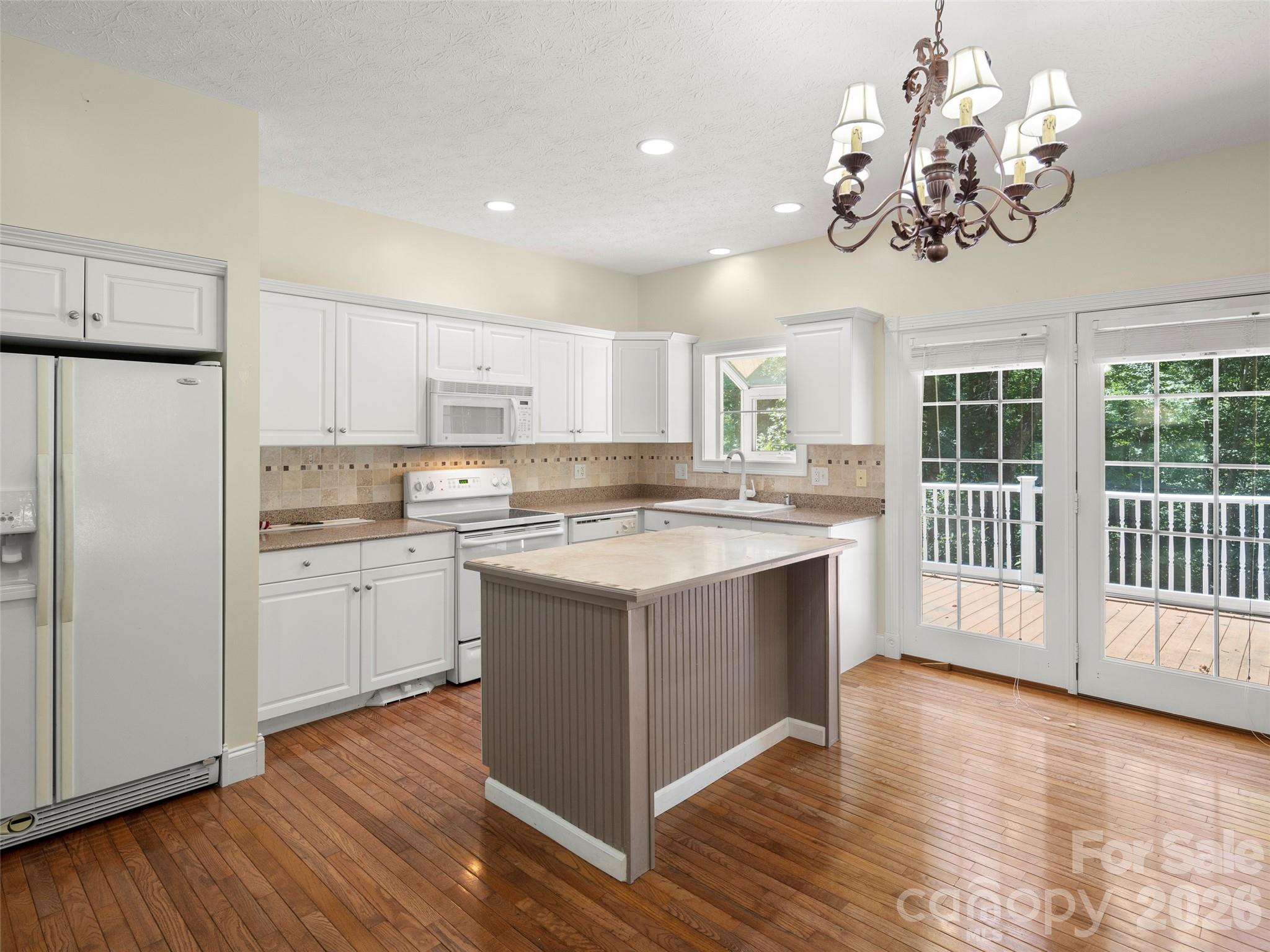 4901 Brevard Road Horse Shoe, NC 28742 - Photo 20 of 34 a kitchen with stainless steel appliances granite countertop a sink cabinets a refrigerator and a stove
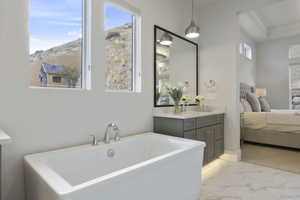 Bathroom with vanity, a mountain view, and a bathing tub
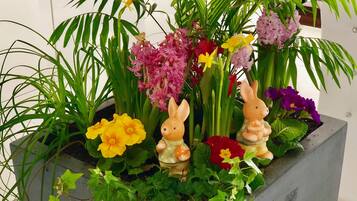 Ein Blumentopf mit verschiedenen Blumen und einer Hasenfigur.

--

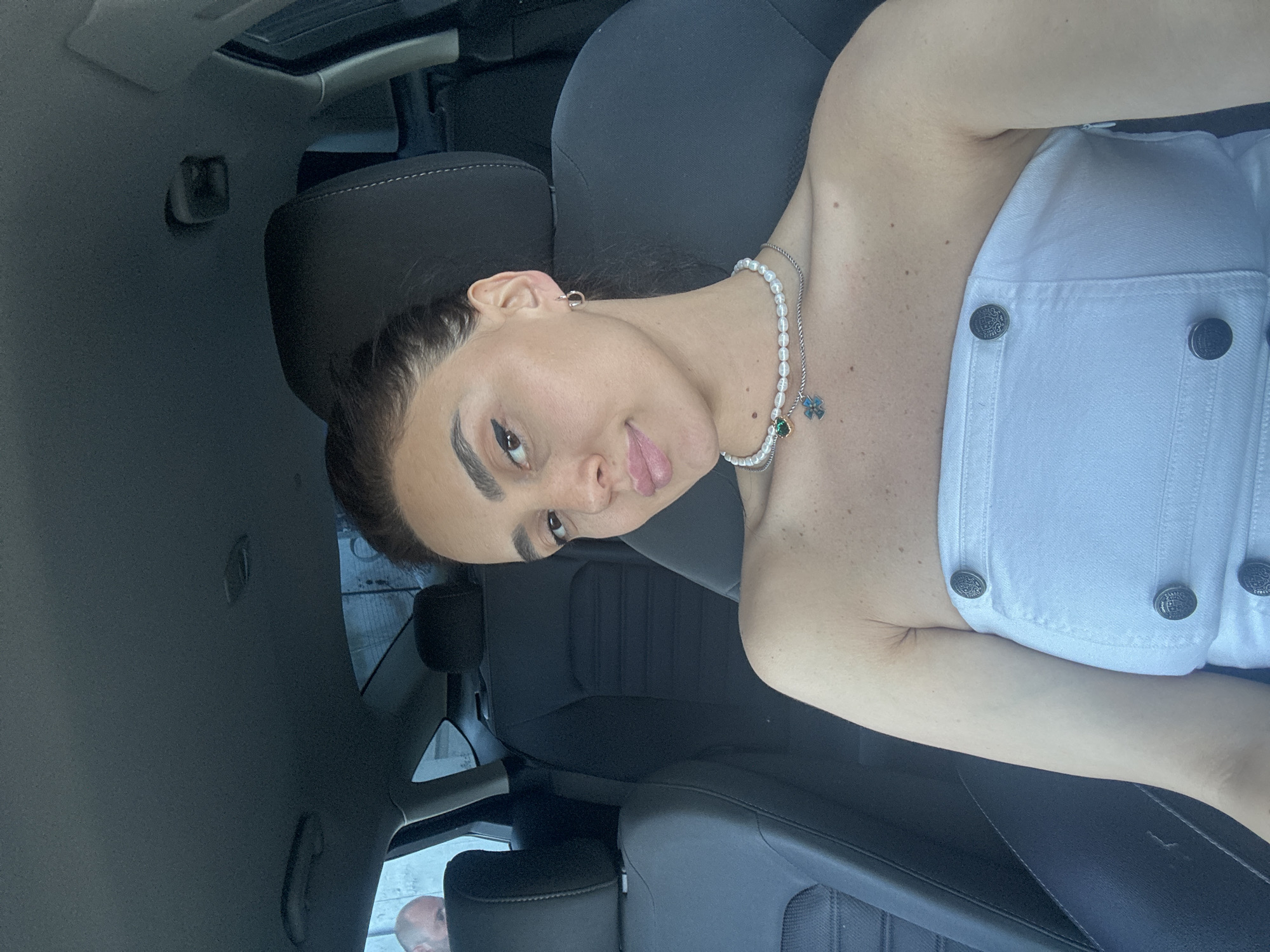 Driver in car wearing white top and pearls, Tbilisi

§ TASK DESCRIPTION:
Pictures excluded, transcribe the listing above exactly from the line with "4901 Brevard Road" through the line with "Ein Blumentopf mit", and no further.

§ PROBLEM SOLUTION:
 4901 Brevard Road Horse Shoe, NC 28742 - Photo 20 of 34 a kitchen with stainless steel appliances granite countertop a sink cabinets a refrigerator and a stove
 Bathroom with vanity, a mountain view, and a bathing tub
 Ein Blumentopf mit verschiedenen Blumen und einer Hasenfigur.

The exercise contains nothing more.